Cette dame m’a connue au travers des médias, après les travaux de la Commission indépendante sur les abus sexuels dans l’Eglise [la Ciase, dont le rapport a été publié en octobre 2021], et m’a contactée début 2023. Elle est ensuite venue chez moi, à Paris.

C’est bien triste à dire, mais je n’ai pas été plus surprise que ça. Non pas concernant l’abbé Pierre, dont je ne connaissais pas la vie. Mais parce que cela faisait écho à tant d’histoires écoutées depuis que je me suis engagée sur ces sujets. Il était donc un de plus. Au départ, cela n’a fait qu’accroître un peu plus ce mélange entre l’infinie tristesse et la colère que m’évoquent ces drames.

Ce n’est qu’a posteriori que j’ai mesuré l’ampleur des conséquences de ces révélations concernant l’abbé Pierre. La victime m’a d’ailleurs dit sa crainte que son témoignage fragilise l’engagement d’Emmaüs contre la misère, ce qui, bien sûr, n’était en rien son but. Crainte qui a pu renforcer la difficulté à prendre la parole.

Au-delà de ce combat contre la misère, pourquoi l’abbé Pierre n’est-il pas un agresseur comme les autres ?

L’abbé Pierre était un personnage mythique, avec le risque de se croire hors du monde commun et de ses lois élémentaires, morales comme légales. On retrouve cela bien ailleurs que dans le monde ecclésiastique. Mais, au sein de l’Eglise catholique, le risque est majoré par l’identité de prêtre, le lien à Dieu dont certains se prévalent. Cela aggrave la sacralisation d’une personnalité.

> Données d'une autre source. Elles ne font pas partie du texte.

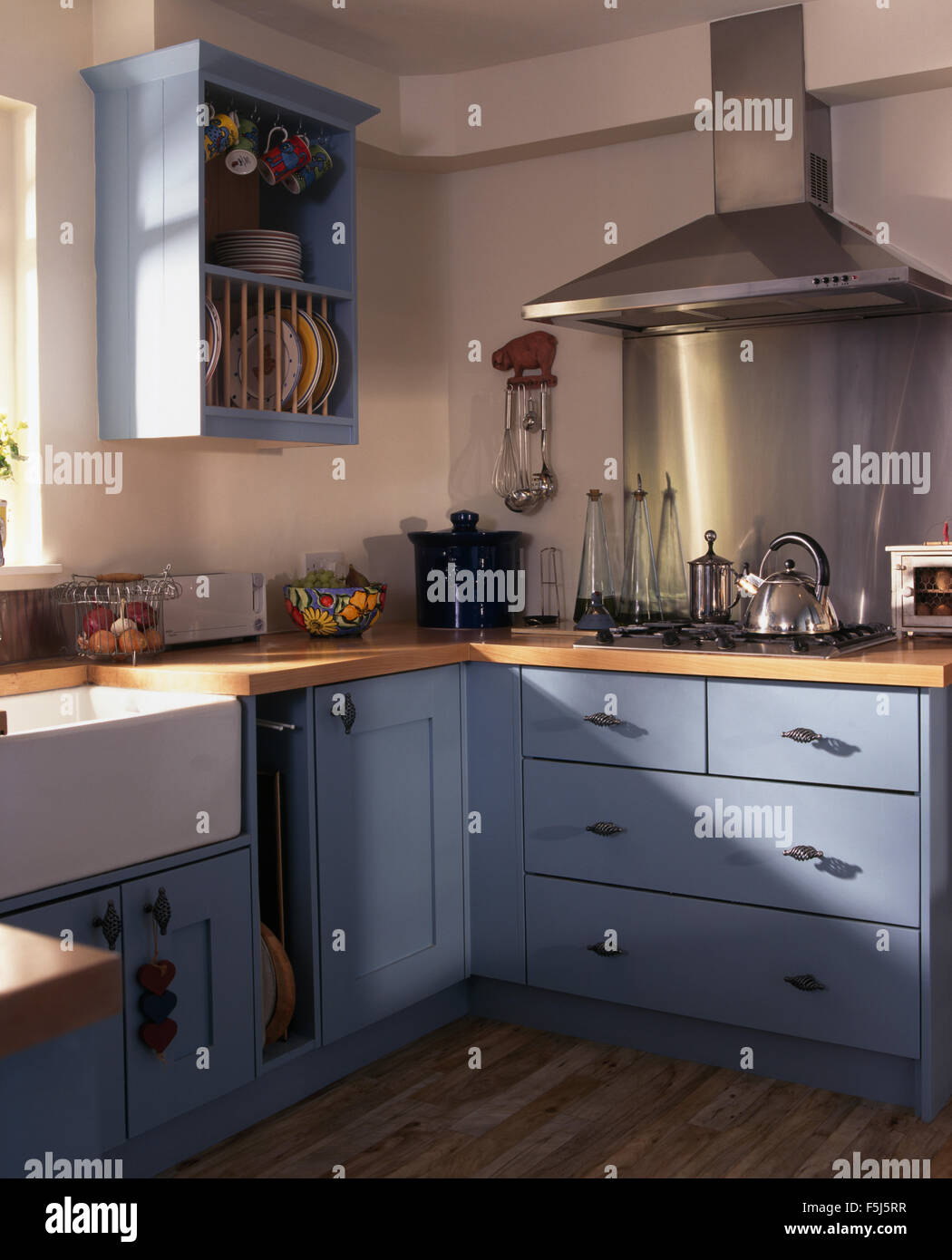 Stainless steel extractor and splashback above the hob in a kitchen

Les victimes dans l’Eglise développent d’ailleurs souvent de lourds traumatismes dus à la peur de parler, de mettre en cause une personnalité reconnue et parfois considérée comme quasi sacrée. On l’a vu, par exemple, avec les frères Philippe [Thomas (1905-1993) et Marie-Dominique Philippe (1912-2006), deux frères dominicains et de sang très influents au XXe siècle, accusés de violences sexuelles et de dérives sectaires], Jean Vanier [fondateur de l’association L’Arche, accusé d’agression sexuelle] et tant d’autres. En tout cas, il faut un courage considérable pour parler aujourd’hui.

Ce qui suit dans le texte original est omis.